“¿Por qué ulula la canalla?”, preguntaba a voz en cuello un veterano y entrañable periodista de LA NACION, allá por los años 90, cuando advertía que en algún lugar de la Redacción se elevaba la voz, ya fuera por cierta disputa deportiva, por un inesperado estallido de risas o una discusión sobre cómo encarar la cobertura periodística del día.
Se llamaba Ovidio Bellando. Era un personaje simpático, extrovertido: se abría con gusto –aunque de forma selectiva– con personas de su especial querencia y con quien él consideraba agraciado de conocerlo y merecedor de su distinción. Cubría el área de Cancillería, por lo que se presentaba como “periodista diplomático”, una categoría profesional tan inexistente como divertida.
Siempre de saco y corbata, alardeaba de sus primicias y del conocimiento de cuestiones secretas del poder. “Vengo con los puños cargados de verdades, pero no podemos escribirlas”, decía para fastidio de su jefe, que siempre encontraba la forma de convencerlo de que dejara de ensimismarse.
Ensimismarse, linda palabra, como tantas otras que se fueron abandonando en la escritura. Ni qué decir del habla corriente.

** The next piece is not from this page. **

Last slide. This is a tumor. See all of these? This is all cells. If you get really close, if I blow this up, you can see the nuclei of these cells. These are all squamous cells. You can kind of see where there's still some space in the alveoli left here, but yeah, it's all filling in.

La canalla ululaba siempre en aquellas redacciones de ruidosas máquinas de escribir, teléfonos fijos que sonaban a coro y módems que regurgitaban consonantes y pitidos estridentes mientras las primeras impresoras de tamaño descomunal parecían serruchar madera cada vez que alguien les daba la orden de poner en papel lo ideado en la pantalla.

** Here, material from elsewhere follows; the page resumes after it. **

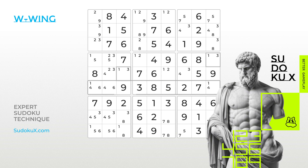In this case, consider the number 1 in row 6, which can only be placed in two specific cells, forming a strong link. These cells correspond to the houses of the bi-value cells.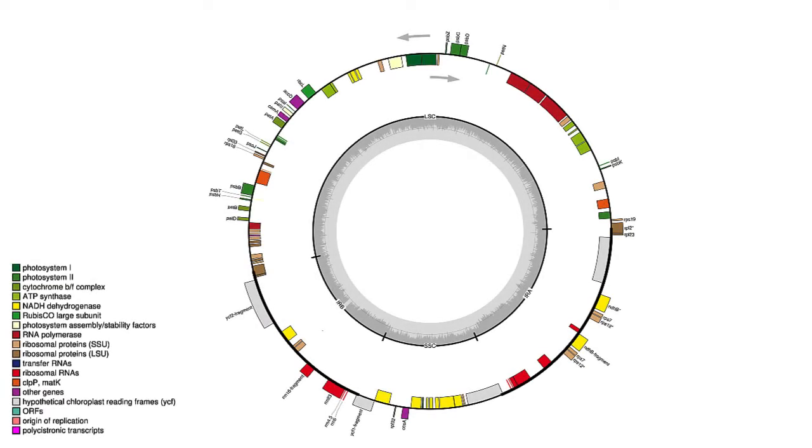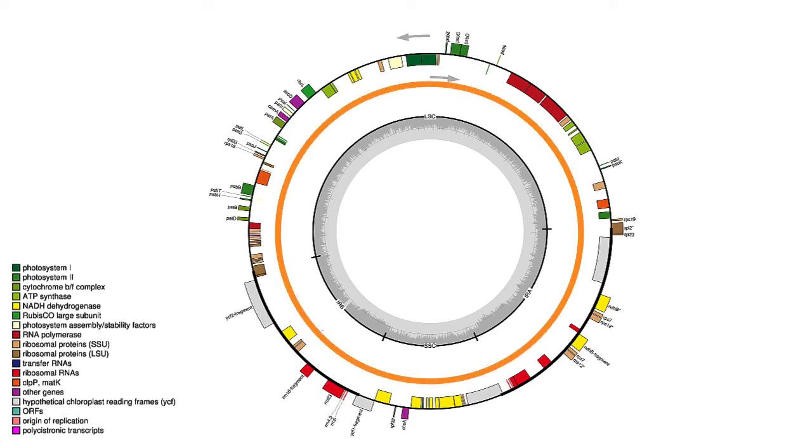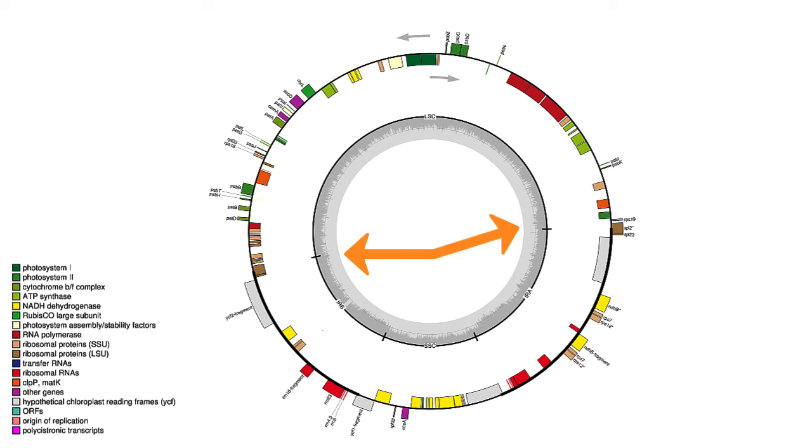Let's have a look at the graphical map. The chloroplast genome is circular and made up of five segments. There is a large single copy, LSC, that makes up about half the genome.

Al principio de la era tecnológica en la Redacción era probable también que un infame error de cualquiera de las nuevas máquinas nos dejara seguido sin el texto elaborado con no poco esfuerzo. Ante la imposibilidad de recuperarlo porque no se había guardado o porque no se sabía qué, sobrevenían los lamentos de la canalla que aborrecía aquella temible frase de extremaunción cibernética: “Apagá y volvé a encender”.
Pasamos de escribir a los golpes a deslizarnos cual bailarinas por el teclado. Hoy también lo hacemos y no sobre uno, sino sobre varios y al mismo tiempo, pero con muchas menos palabras. La inversión fue indirectamente proporcional y es una pena. Hay decenas de términos preciosos que dejaron de usarse. Y no es excusa decir que son difíciles o arcaicos. Muchos, en su debido contexto, resultan irreemplazables. Poseen una sonoridad capaz de convertir en sinfonía al texto más técnico, más rígido o formal.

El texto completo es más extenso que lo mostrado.